→ Input records:
────────────────────
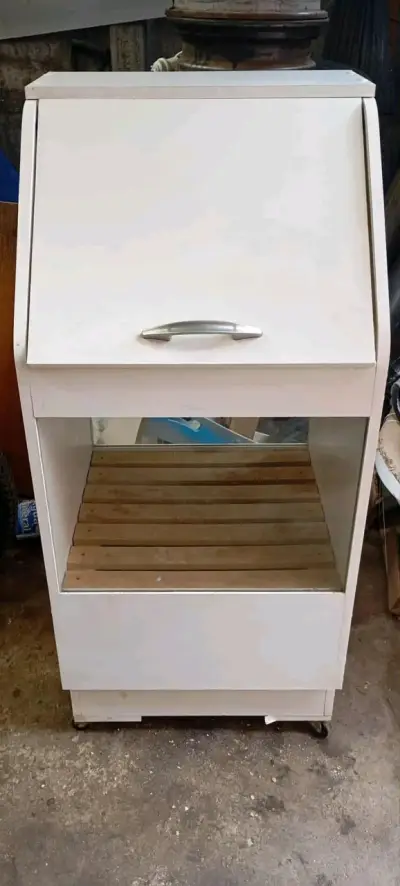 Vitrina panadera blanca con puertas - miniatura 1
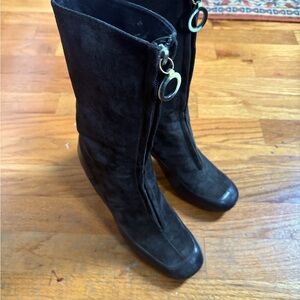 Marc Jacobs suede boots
────────────────────
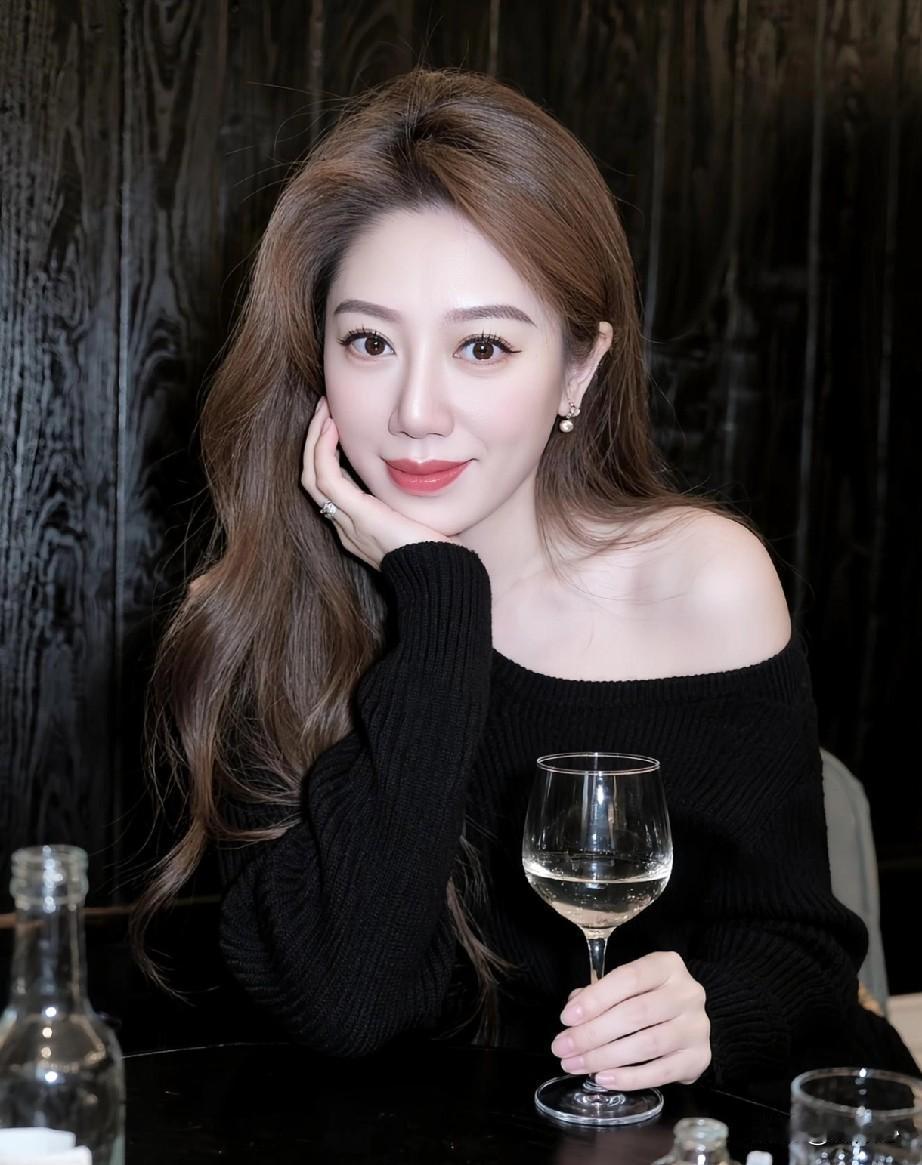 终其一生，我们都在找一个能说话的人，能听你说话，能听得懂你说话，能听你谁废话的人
────────────────────
→ What the task requires:
Starting at the line above that has "Vitrina panadera blanca" and ending at the line that has "Marc Jacobs suede boots", copy each line exactly, leaving the pictures out and adding nothing.

→ Solved problem:
 Vitrina panadera blanca con puertas - miniatura 1
 Marc Jacobs suede boots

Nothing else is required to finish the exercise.